Directions >>
Copy the lines below word for word, skipping any image.

Recorded information: Begin

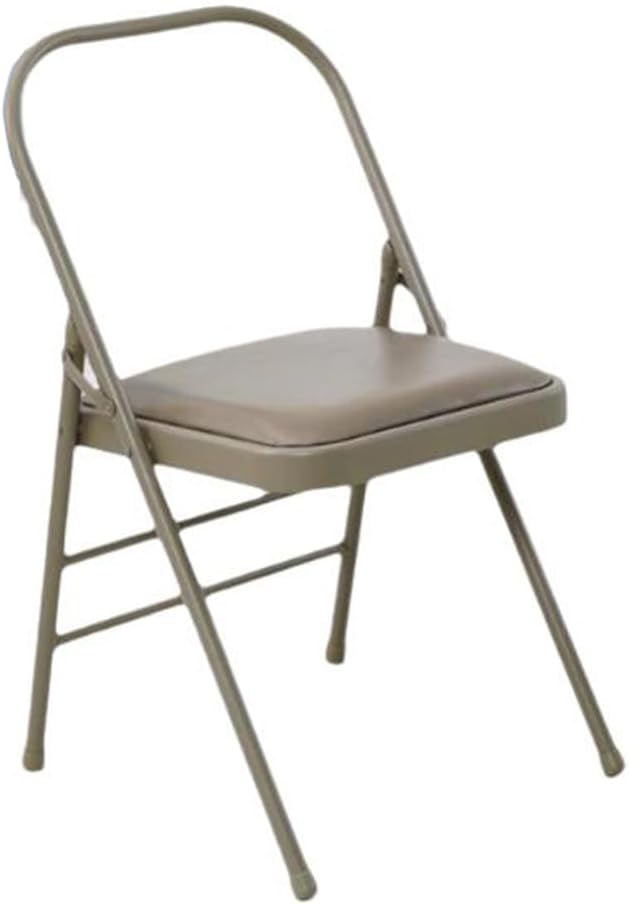 Yoga Auxiliary Chair Portable Folding Yoga Chair with Non-Slip Feet Covers Thickened Folding Balance Handstand Training Tool Abs Strength Training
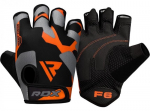 Pir&scaron;tinės be pir&scaron;tų RDX F6, juoda/oranžinė, L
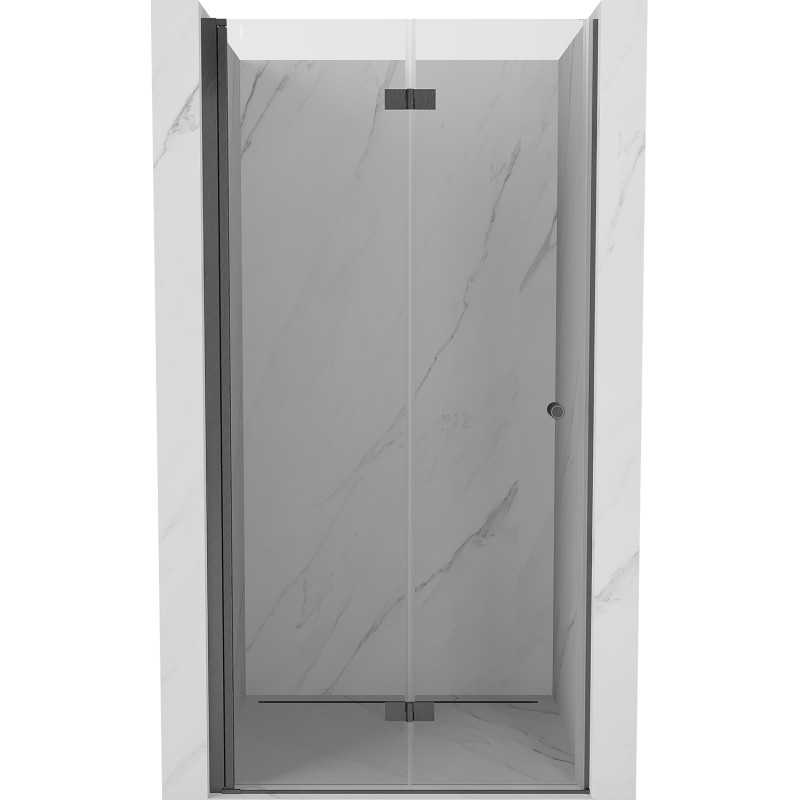 Mexen Mist-F folding shower door left 90 cm, transparent, gun gray brushed - 8A6-090-000-66-00-L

Recorded information: End

Answer to the problem >>
 Yoga Auxiliary Chair Portable Folding Yoga Chair with Non-Slip Feet Covers Thickened Folding Balance Handstand Training Tool Abs Strength Training
 Pir&scaron;tinės be pir&scaron;tų RDX F6, juoda/oranžinė, L
 Mexen Mist-F folding shower door left 90 cm, transparent, gun gray brushed - 8A6-090-000-66-00-L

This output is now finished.